▸ WHAT THE TASK REQUIRES
Pictures found in the material must be left out, and every line returned as written.

▸ RECORDS FOR THE TASK
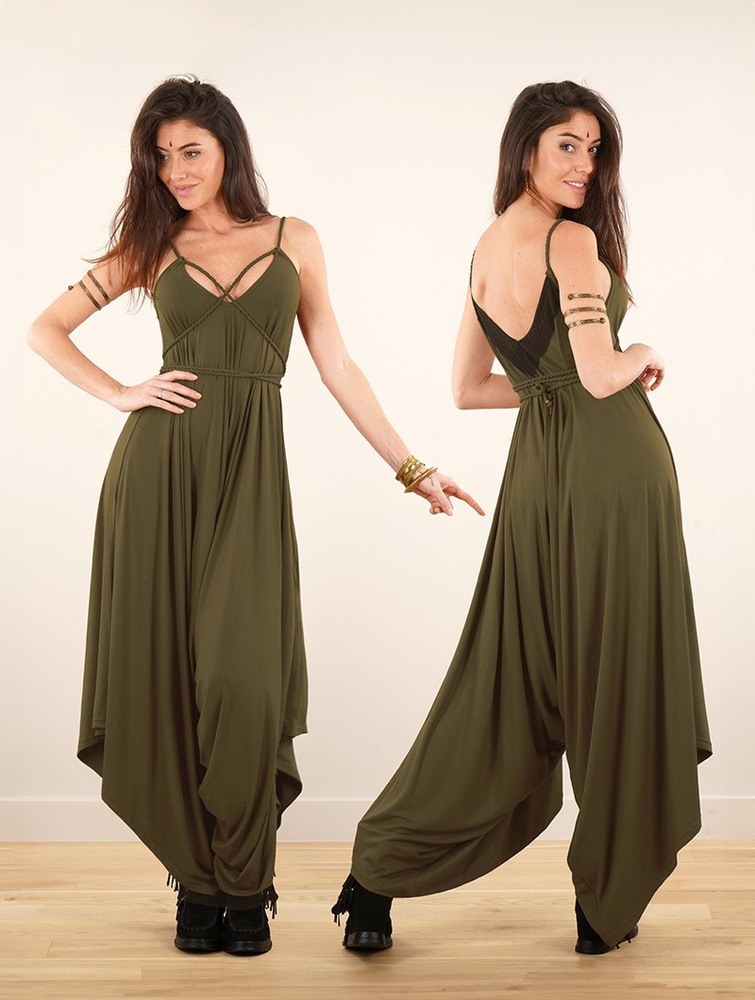 Kombinezony Długi Toonzshop Topäaz Loose And Reversible Strappy Jumpsuit Damskie Khaki | RSJBD-7916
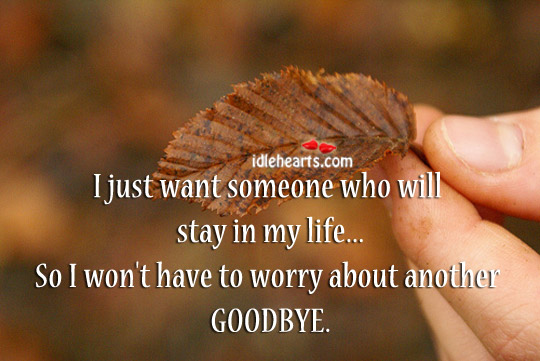 I just want someone who will stay in my life Goodbye Quotes Image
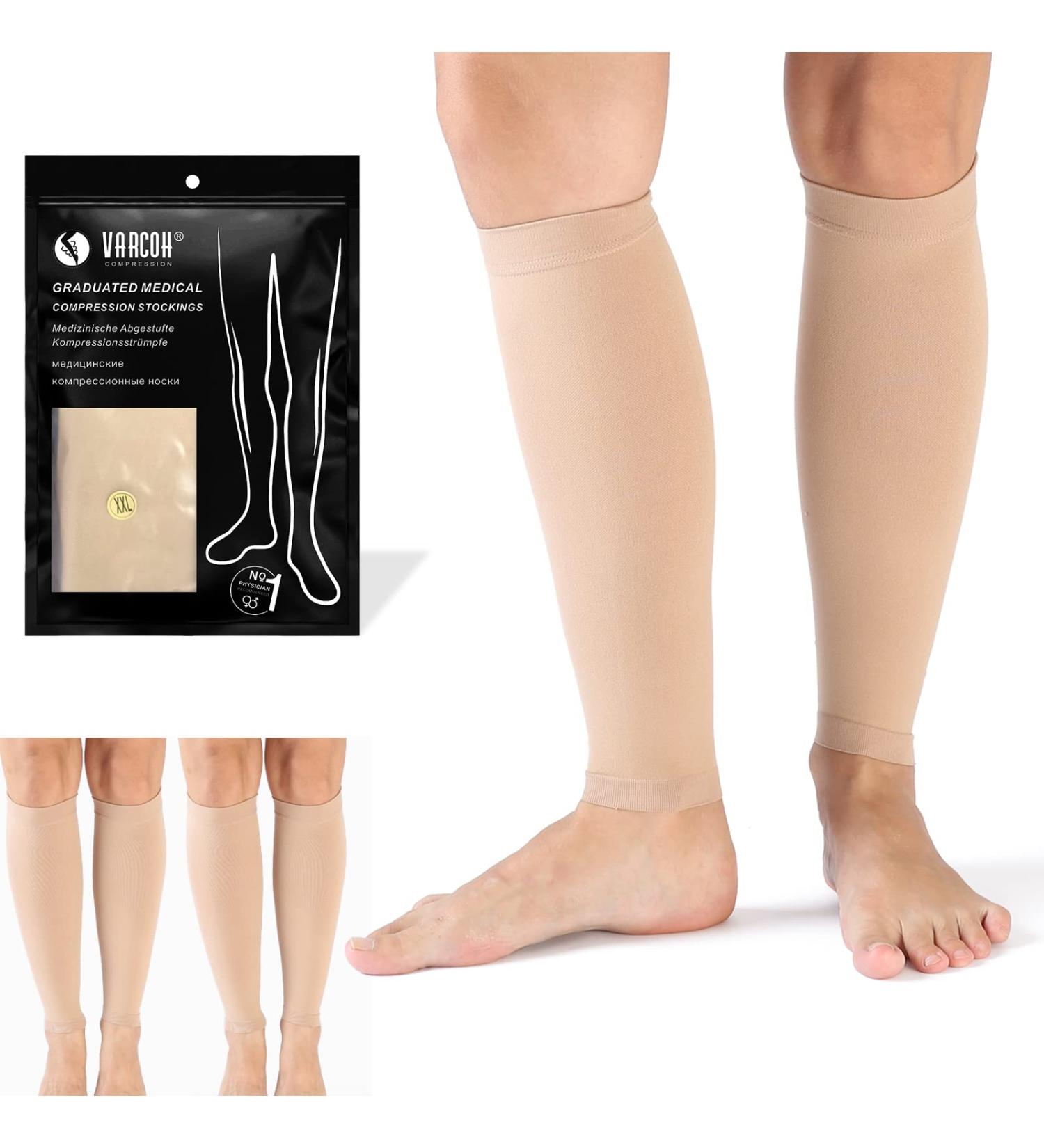 VARCOH Compression Socks (2 Pairs) 20-30mmHg Firm Support for Men & Women - Ideal for Varicose Veins, Swelling, Pregnancy, Recovery, Exercise - Large Beige - Buy Online on GoSupps.com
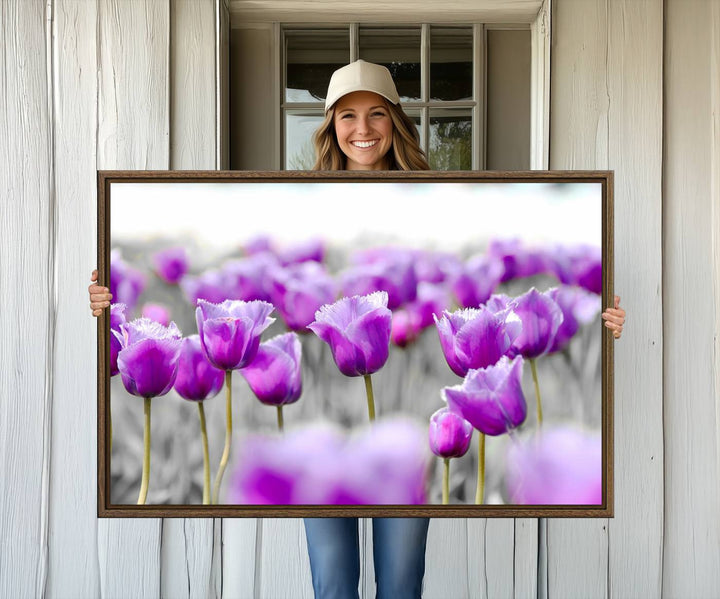 A gallery-wrapped Tulip Fields canvas wall art in a vivid purple hue.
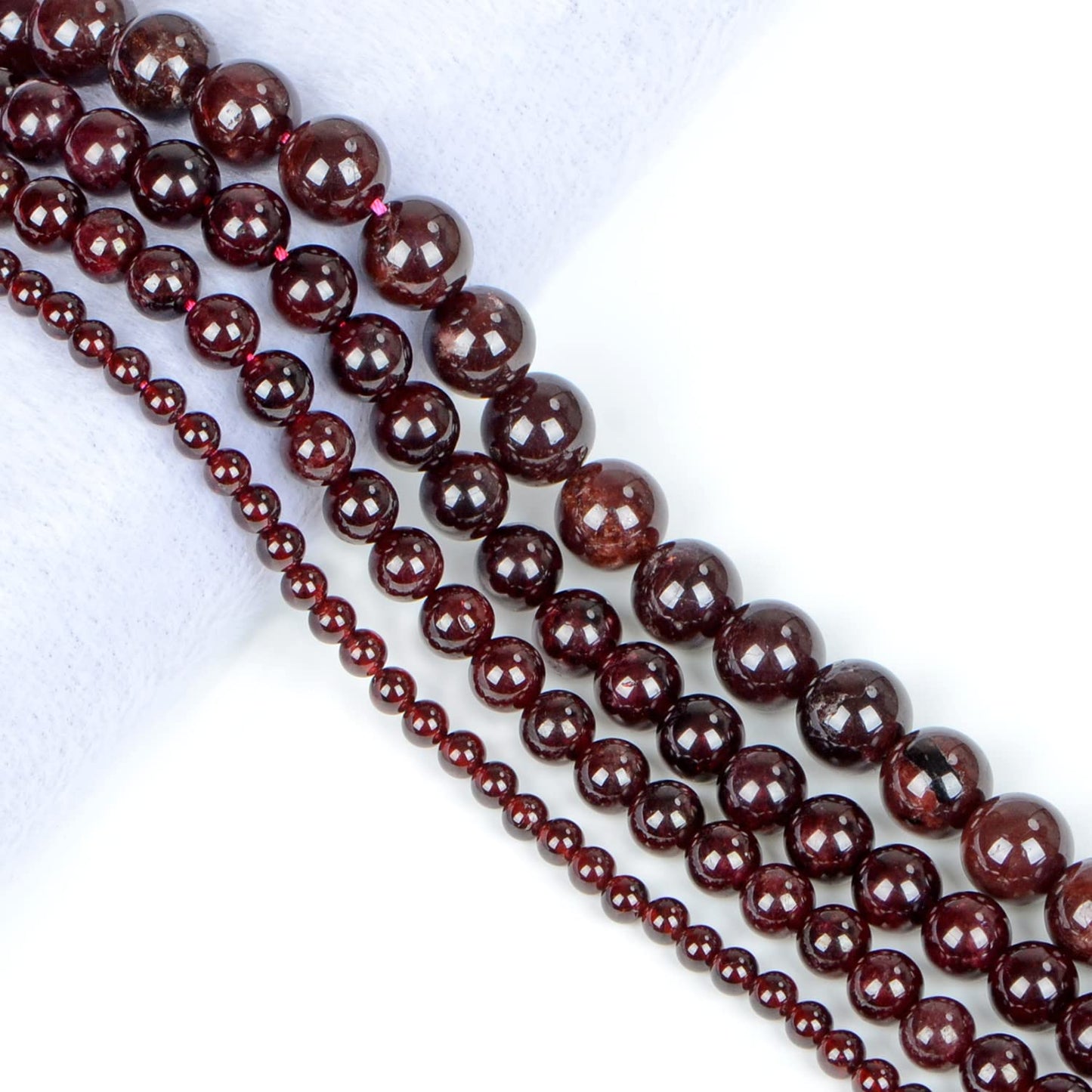 AD Beads Natural Gemstone Round Loose Beads 15" for Bracelet Necklace Earrings Jwelery Making Crafts DIY (10mm, Dark Red Garnet)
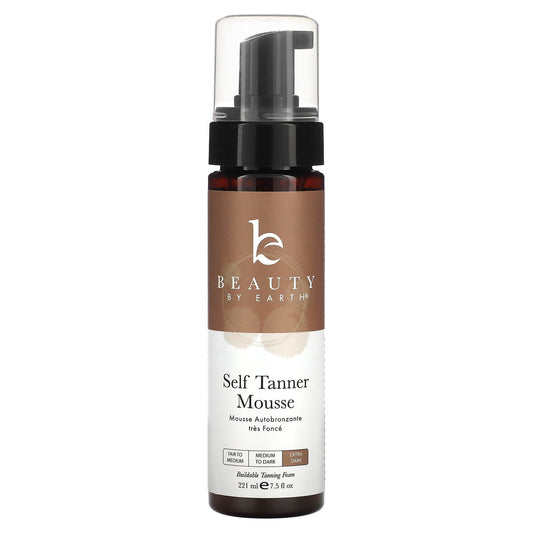 Beauty By Earth Self Tan Mousse, Extra Dark, 222 ml (7.5 fl oz)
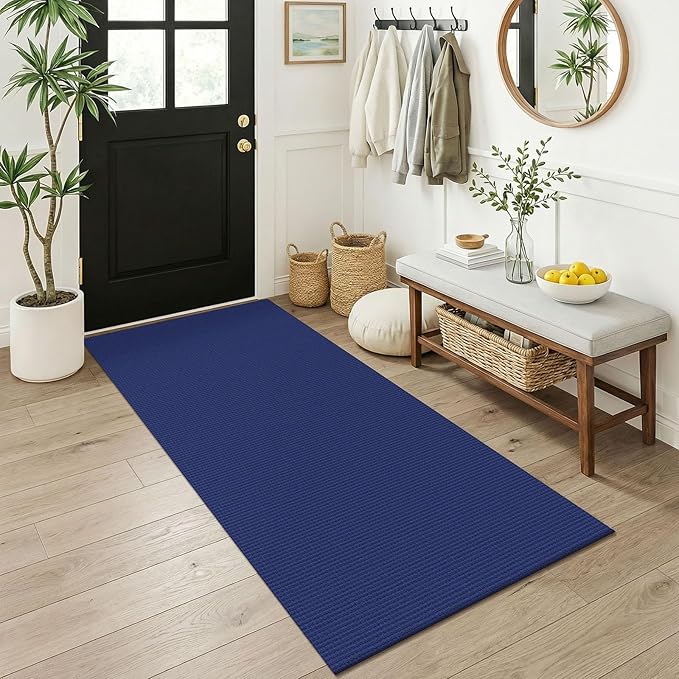 KOZYFLY 3x6 Washable Runner Rug, Non Slip Wide Runners for Hallway, Woven Large Entryway Runners, Braided Floor Carpet Runner for Entry, Kitchen, Bedside, Hall, Royal Blue/Navy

▸ YOUR SOLUTION
 Kombinezony Długi Toonzshop Topäaz Loose And Reversible Strappy Jumpsuit Damskie Khaki | RSJBD-7916
 I just want someone who will stay in my life Goodbye Quotes Image
 VARCOH Compression Socks (2 Pairs) 20-30mmHg Firm Support for Men & Women - Ideal for Varicose Veins, Swelling, Pregnancy, Recovery, Exercise - Large Beige - Buy Online on GoSupps.com
 A gallery-wrapped Tulip Fields canvas wall art in a vivid purple hue.
 AD Beads Natural Gemstone Round Loose Beads 15" for Bracelet Necklace Earrings Jwelery Making Crafts DIY (10mm, Dark Red Garnet)
 Beauty By Earth Self Tan Mousse, Extra Dark, 222 ml (7.5 fl oz)
 KOZYFLY 3x6 Washable Runner Rug, Non Slip Wide Runners for Hallway, Woven Large Entryway Runners, Braided Floor Carpet Runner for Entry, Kitchen, Bedside, Hall, Royal Blue/Navy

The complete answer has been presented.